The invention relates to joint transform correlators and particularly to a joint transform correlator employing an interferometer, and a data formatting system using frequency multiplexing techniques.
Optical joint transform correlators used for real time applications employ two spatially separated images written onto the input transducer. Systems not used for real time use film images separated spatially at the input, or an image at the input and a holographic matched filter at the transform plane.
A joint transform correlator using two spatially separated input images has real time applications since the images can be written onto a spatial light modulator (SLM). The input images are then illuminated by a collimated coherent light source. The spatially modulated light is then passed through a lens to produce the joint transform plane.
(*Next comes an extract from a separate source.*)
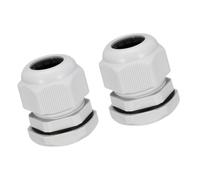 Unifizz Lot de 4 presse-étoupes PG21 - Connecteur de fil fileté durable avec écrou de verrouillage pour câble de 13 à 18 mm de diamètre - Blanc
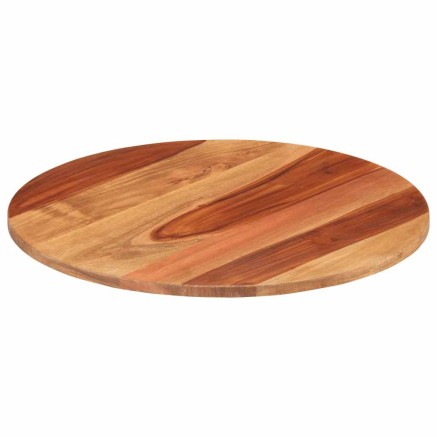 Dessus de table bois massif d'acacia rond 15-16 mm 50 cm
Since the input images are spatially separated, and the light from each image passes through the transform plane with a given angular relationship, interference fringes are produced. This process optically introduces a carrier to the cross correlation products. To complete the correlation process it is necessary to multiply all of the cross terms from each of the input images. The multiplication is accomplished by using an optical detection process, such as recording the joint transform on film (a non-linear detection media) or, for real time operation, the joint transform can be written onto an optical-to-optical transducer such as a liquid crystal light valve. The output of the second transducer is then transformed optically to produce the correlation plane. Since a carrier is introduced by spatially separating the input images, the cross correlation output is spatially separated from auto correlation and other undesired outputs produced by the optical system.
Under real time conditions, such a prior art correlator system requires a complete input system. Generally the spatial light modulators used in the system have a single input port. Thus, in order to receive the two spatially separated input images, the system must employ a digital data formatting system that further includes a significant high speed memory system with proper digital support. If the input images contain broadband signal information in analog format, high speed digitation is also required. Thus, such prior art correlator systems require relatively complex digital input circuits, and do not make efficient use of the area space bandwidth product of the spatial light modulator, i.e., of the input transducer.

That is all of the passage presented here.